The purchase price for Burger King is based on an enterprise value of R670 million, and R27 million for Grand Foods Meat Plant.

“Over the last 2 years management has undergone a process of restructuring the business with the main aim of reducing the discount to iNAV (indicative net asset value). This process involved discontinuing loss making business and improving the profitability of its operational food and manufacturing businesses.

“The restructure resulted in a vast improvement in profitability which assisted in reducing the discount,” it said by way of rationale for the deal.

It said that despite this improvement the company still trades at a large discount to indicative net asset value iNAV.

GPI said that management and its board decided that the best way to unlock value for shareholders is through a controlled sale of assets, with the sale of BKSA and Grand Foods Meat Plant representing the first phase of this strategy.

GPI has exclusive rights to develop and expand the Burger King brand in South Africa’s quick service restaurant market. It opened the first Burger King restaurant in Cape Town at 33 on Heerengracht in May 2013. It has since opened 92 restaurants at locations throughout the country.

Grand Foods Meat Plant operates a meat plant that includes a burger production facility built to EU standards and is a Halaal-certified supplier. Burger King is Grand Foods Meat Plant’s largest customer with more than 90% of the sales. The plant also supplies Spur with frozen patties as well as the Grill Father.

Burger King and Grand Foods Meat Plant have a combined net asset value of R509,039,205.

Burger King in South Africa

GPI published is financial results for the year ended June 2019 in September, reporting that Burger King finally started turning a profit in the country,

Burger King’s sales for the year increased by 34.2% from R756.2 million in the prior year to R1.015 billion in the current year, despite the economic downturn, and improved its previous loss of R27.1 million into a profit of R11.7 million for the period.
The growth in Burger King was driven by higher revenues from new restaurants opened and a significant improvement in same store sales of 10.3%, GPI said.

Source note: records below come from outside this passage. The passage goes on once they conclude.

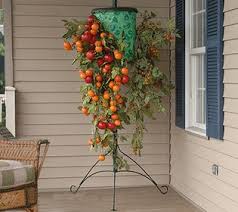 I found it easy to hang the dirt container up next to the basket, that is what the last 2 pictures are showing. These Work Hanging Tomato Plants Growing Tomatoes Indoors Growing Tomatoes In Containers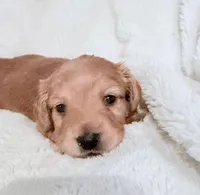 Lilly Shaded Cream Male, a male Miniature Dachshund for sale in Chattanooga, TN – Photo 3 of 4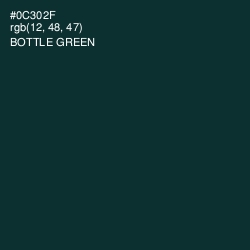 #0C302F - Bottle Green Color Image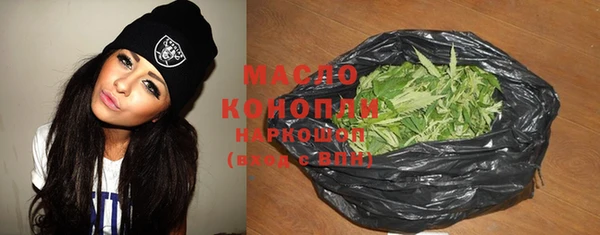 хмурый Аркадак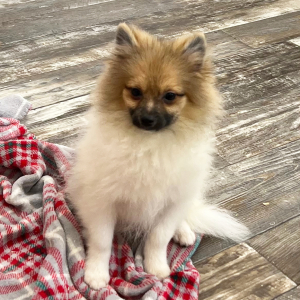 Pomeranian Puppy Lonny
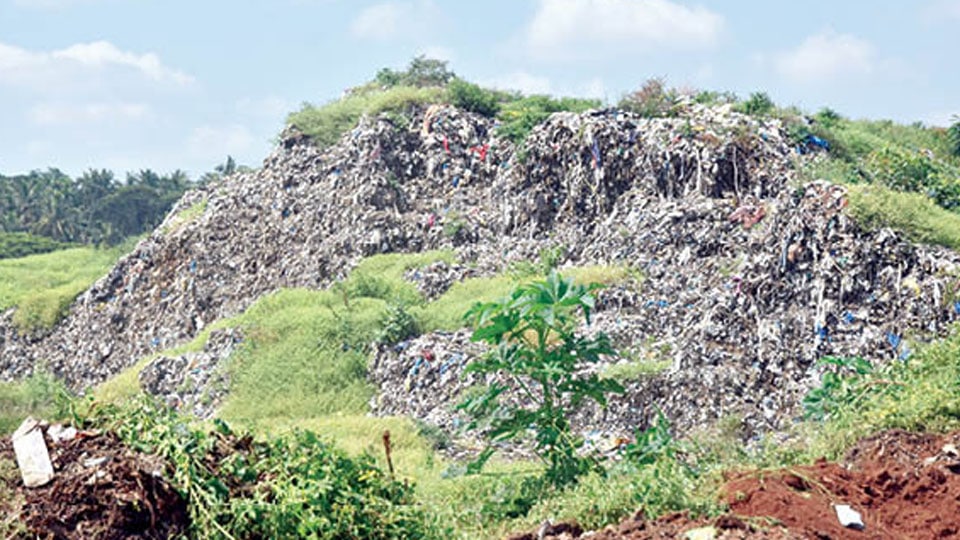 Project clearing Excel Plant stench caught in tender quagmire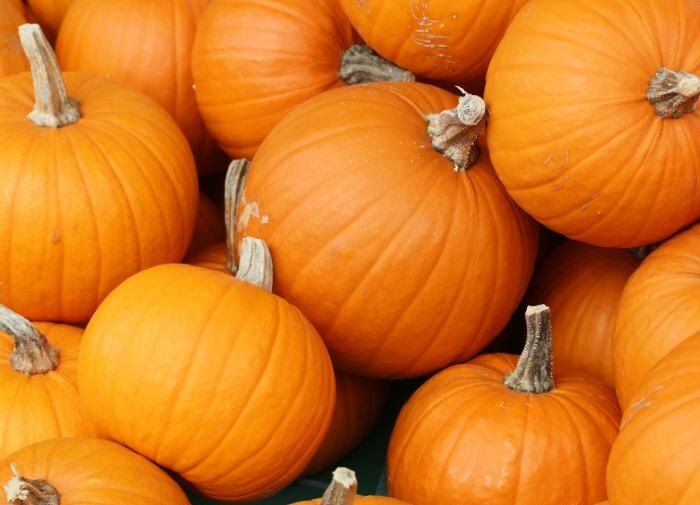 ������� ��������� ����������� �����: ����� � ��� �������� �������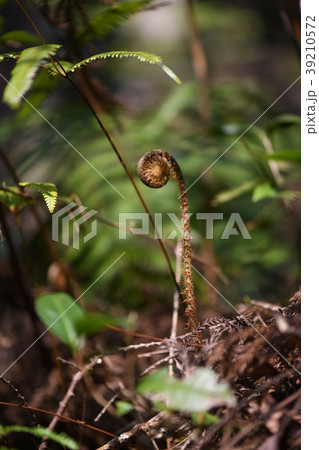 ウラジロの新芽 39210572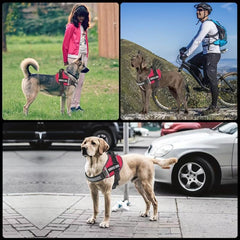 Explosion proof Reflective Dog Harness for Outdoor Walking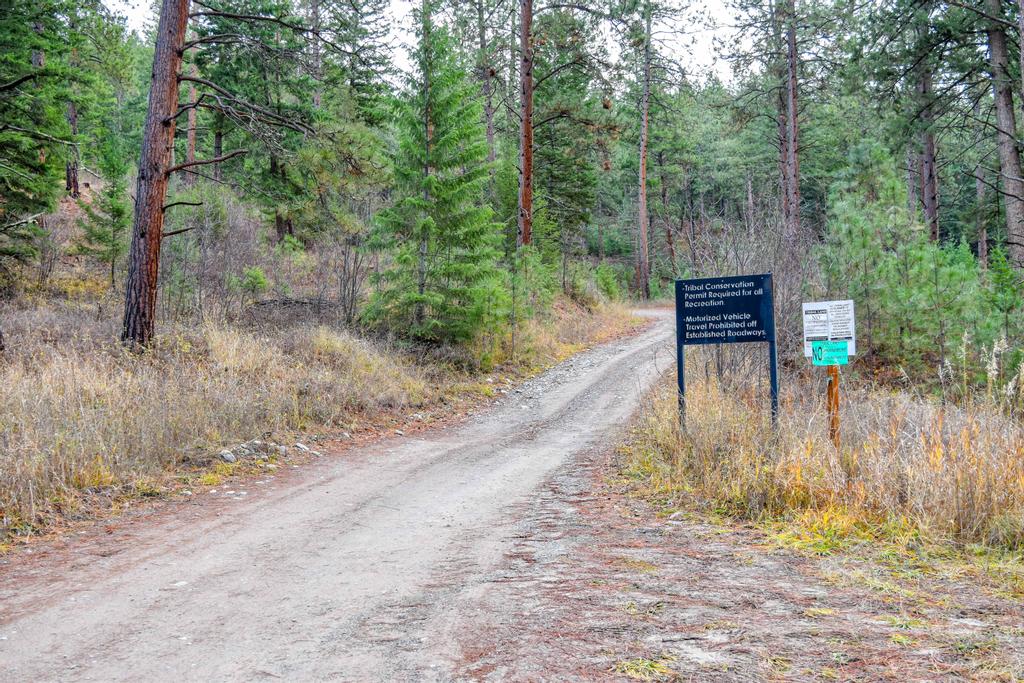 Polson, Montana 59860, United States, 3 Bedrooms Bedrooms, ,2 BathroomsBathrooms,Residential,Active,30079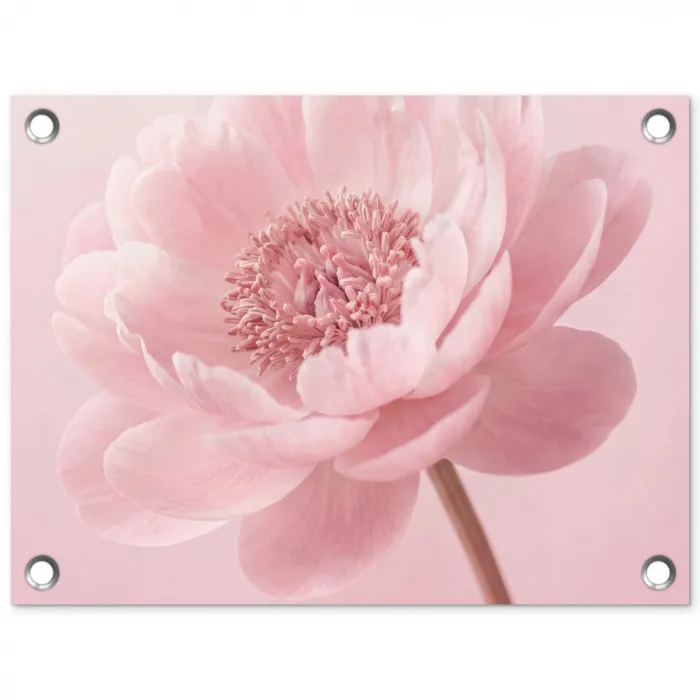 Bloem - Pioenroos - Roze tuinposter los doek klein -3d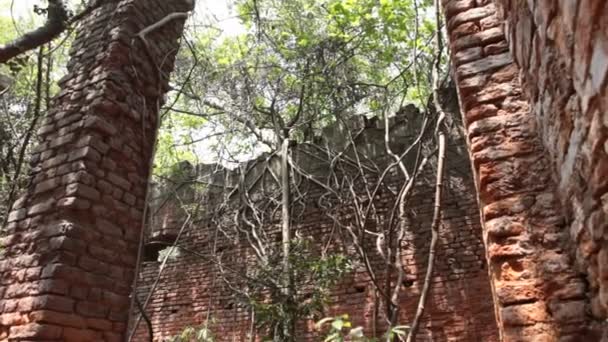 Horreur Prise Vue Ancien Bâtiment Inde — Video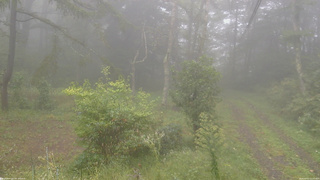 長野県菅平高原 ゆたか山荘 坂上 2026/09/21 15:15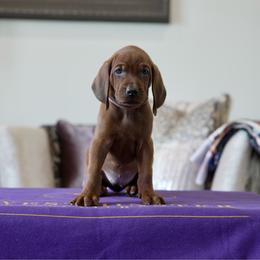 Light Pink Girl - Red female Redbone Coonhound puppy in Shreveport, Louisiana from BAFERD Kennels
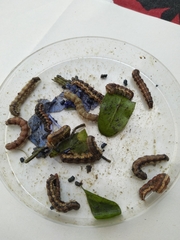 Helicoverpa armigera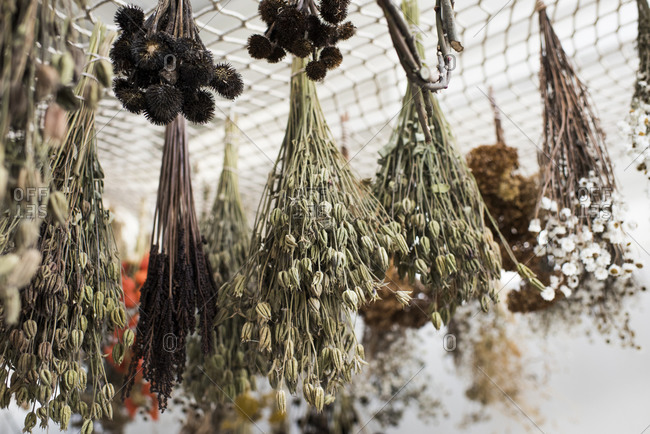 Floral bunches hanging to dry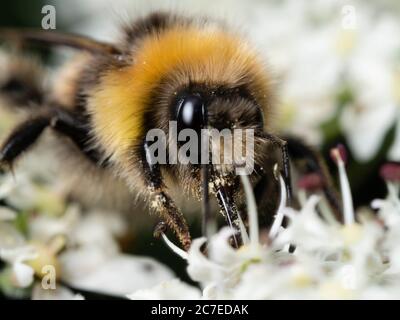 Britische einheimische Weißschwanzhummel, Bombus lucorum, Fütterung von Hogweed, Heracleum spondylium Stockfoto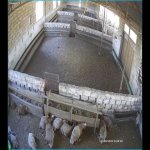 Продажа Объект, Зиря, Академия Авиации, Хязяр район 2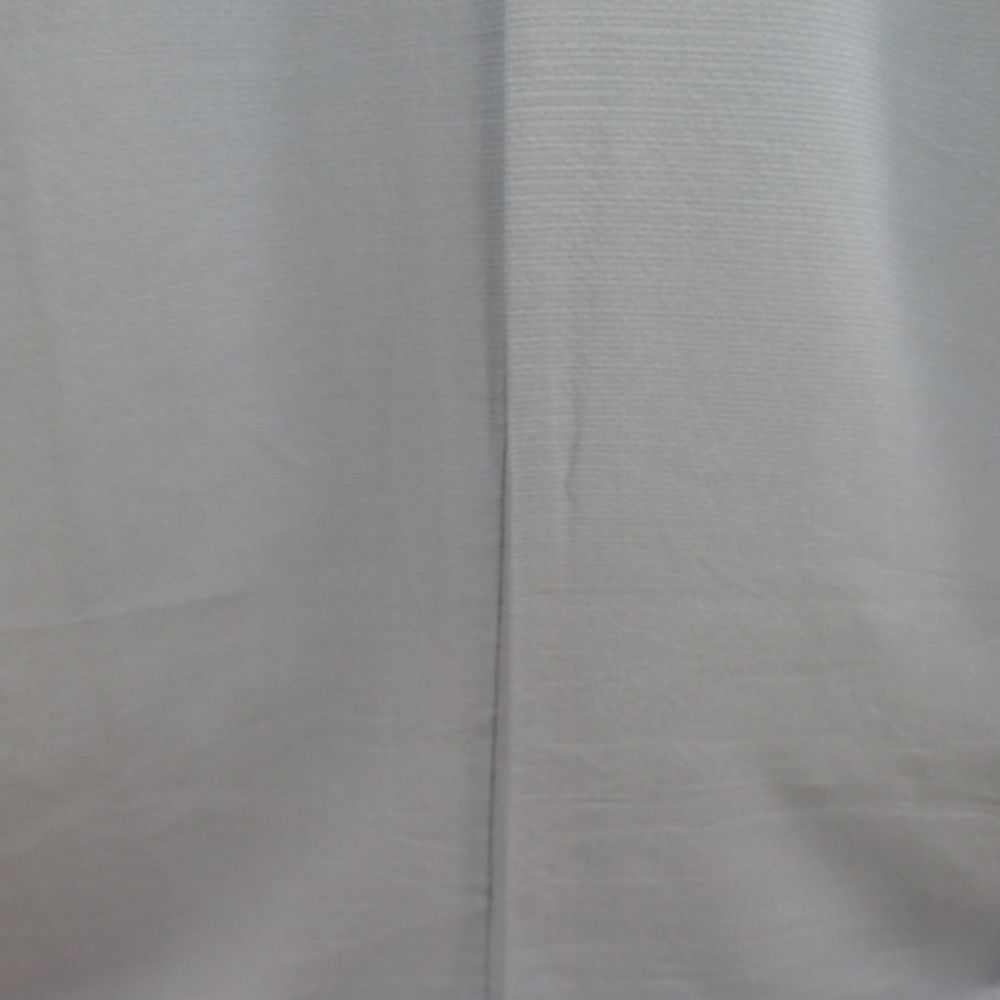 夏着物 色無地 絽 伊と幸 バチ衿 正絹 ブルーグレー 一つ紋 蔦紋 夏用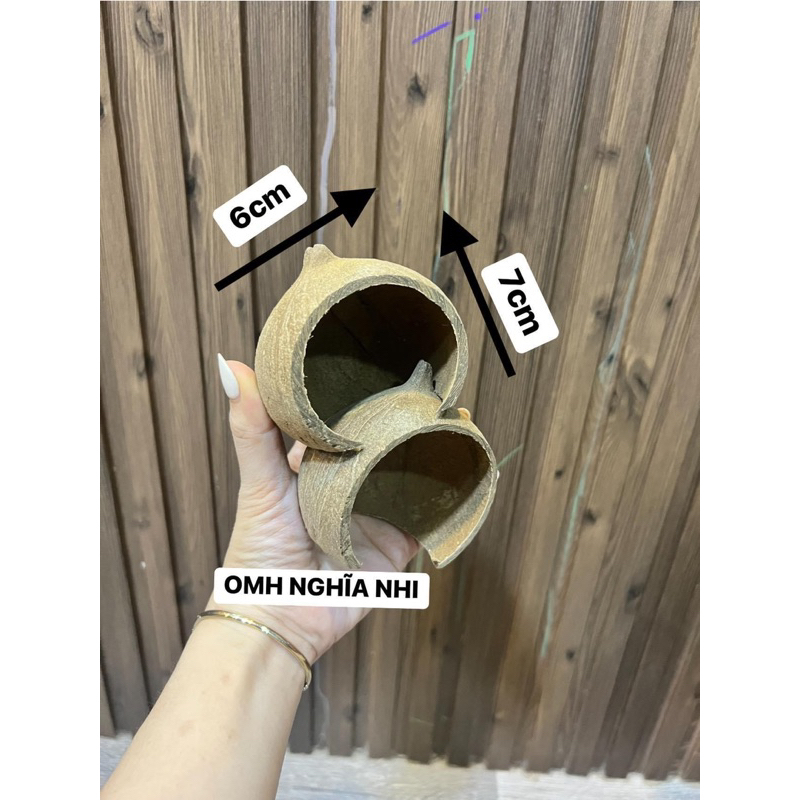 HANG GÁO DỪA SIÊU MINI TRANG TRÍ HỒ NUÔI CHO ỐC MƯỢN HỒN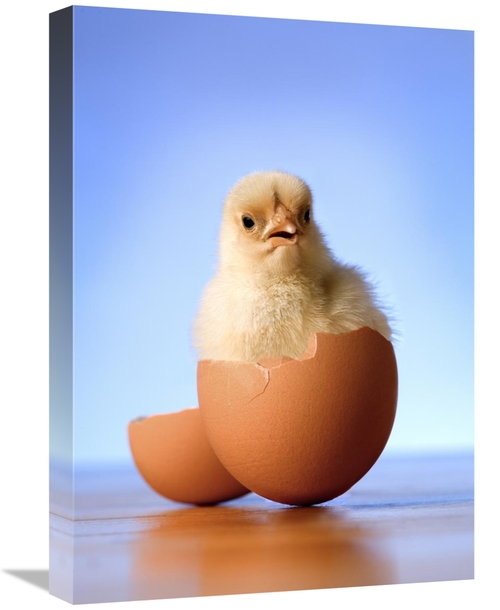 Global Gallery GCS-395702-22-142 22 in. Domestic Chicken Hatchling in 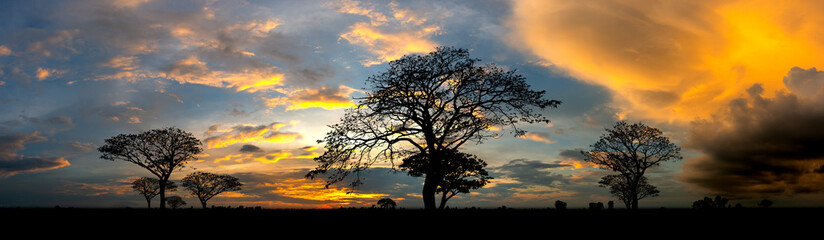 Fototapeta na wymiar Dark tree on open field dramatic sunrise.Typical african sunset with acacia trees in Masai Mara, Kenya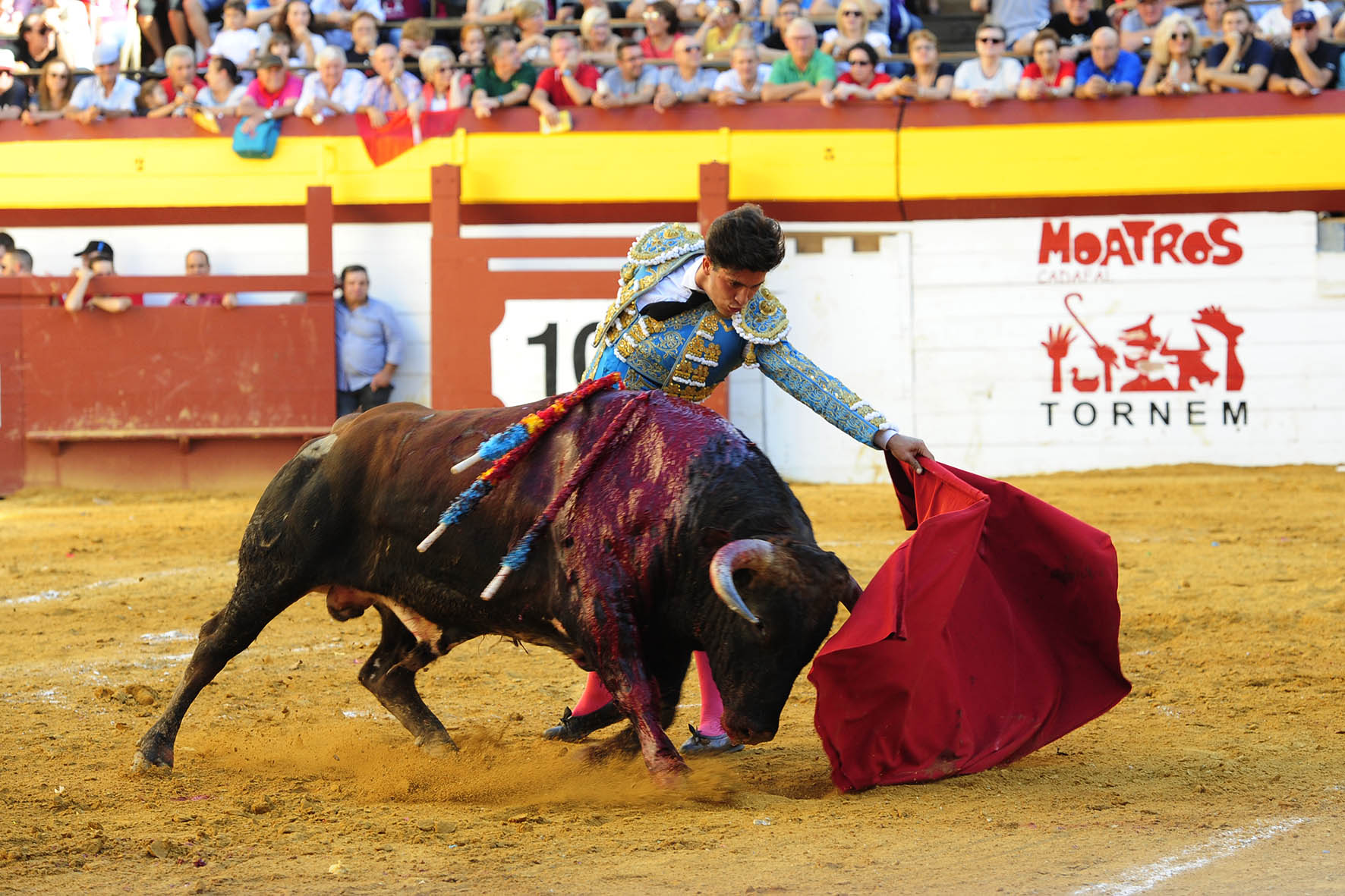 Algemesí (Valencia) - Novillada - Viernes 28 de septiembre de 2018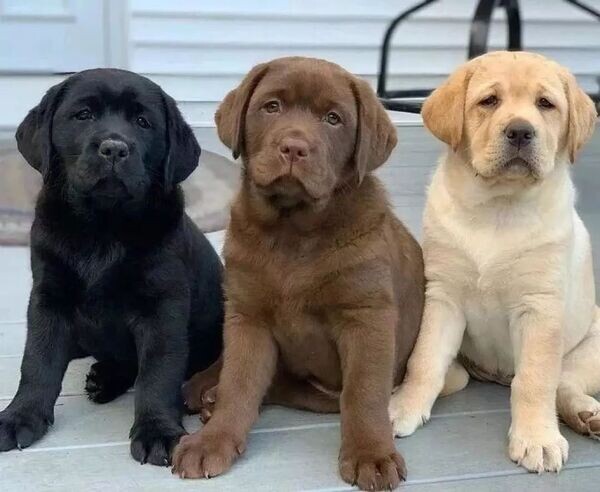  Labrador Puppies WhatsApp me : +971 58 208 8241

The net restaurant movement for the year totalled six, which included the opening of 10 new restaurants and the closure of four unprofitable restaurants.

The average monthly restaurant revenues (ARS) increased by 14.3% from R0.911 million last year to R1.042 million this year, largely as a result of positive restaurant comparative sales of 10.32% (2018: 3.45%).

A total of 18.6 million customers were served compared to 15.6 million in the prior year.

Dunkin Donuts

In March last year, GPI said that it would close its Dunkin Donuts and Baskin Robbins branches in South Africa which counted losses over R70 million.

The group said that it tried to find interested parties to buy the brands, but noted that it got no serious offers in the allotted period, leading to the businesses being liquidated.

“Dunkin’ Donuts and Baskin-Robbins continued to experience a challenging six months with the second quarter having the most significant impact on trading. The Group decided to exit

these brands based on the continued poor performance and a sustained period of losses.

“The exit of Dunkin’ Donuts and Baskin-Robbins is the first step of a broader strategy to revert back to an investment holding company,” it said.